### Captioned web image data

━━━━━━━━

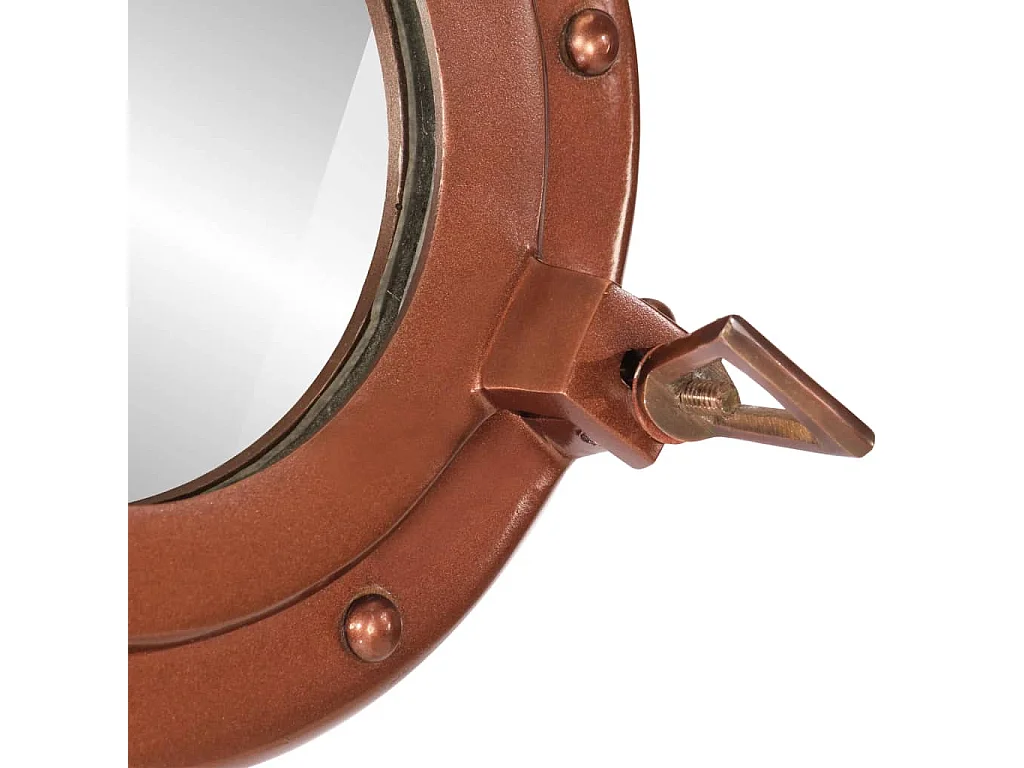 Espejo de ojo de buey de pared aluminio y vidrio Ø38 cm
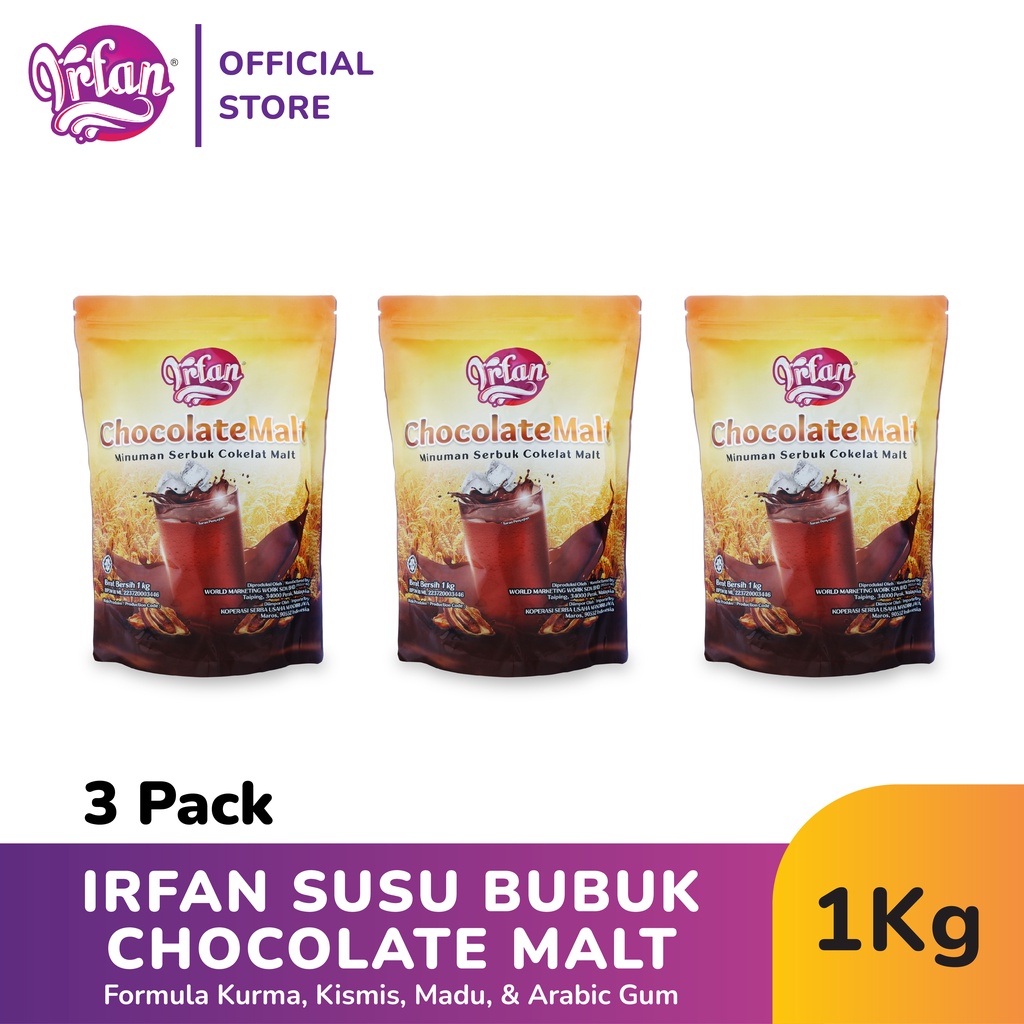 

IRFAN Susu Bubuk Chocolate Malt Formula Kurma & Arabic Gum 1Kg x 3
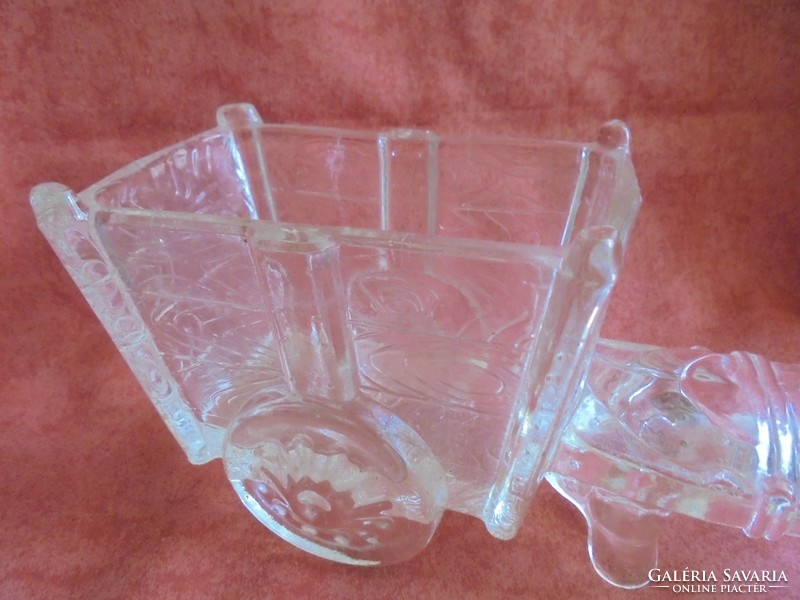 Öntött üveg figurális cukortartó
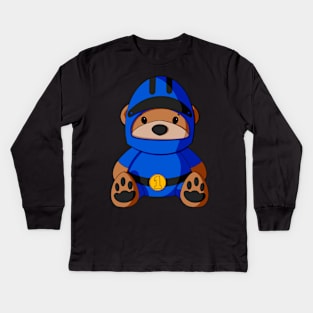 Racer Teddy Bear Kids Long Sleeve T-Shirt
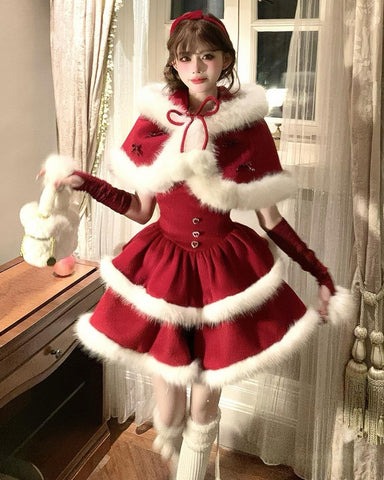 ［ファッション］レッドベルベットケーキファーコート キャミワンピース【73K3LD】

━━━━━━━━

### TASK GOAL
Retype exactly, and only, the lines from the one containing "Racer Teddy Bear Kids Long Sleeve T-Shirt" through the end of the records above. Pictures stay out of the copy.

### TASK RESULT
 Racer Teddy Bear Kids Long Sleeve T-Shirt
 ［ファッション］レッドベルベットケーキファーコート キャミワンピース【73K3LD】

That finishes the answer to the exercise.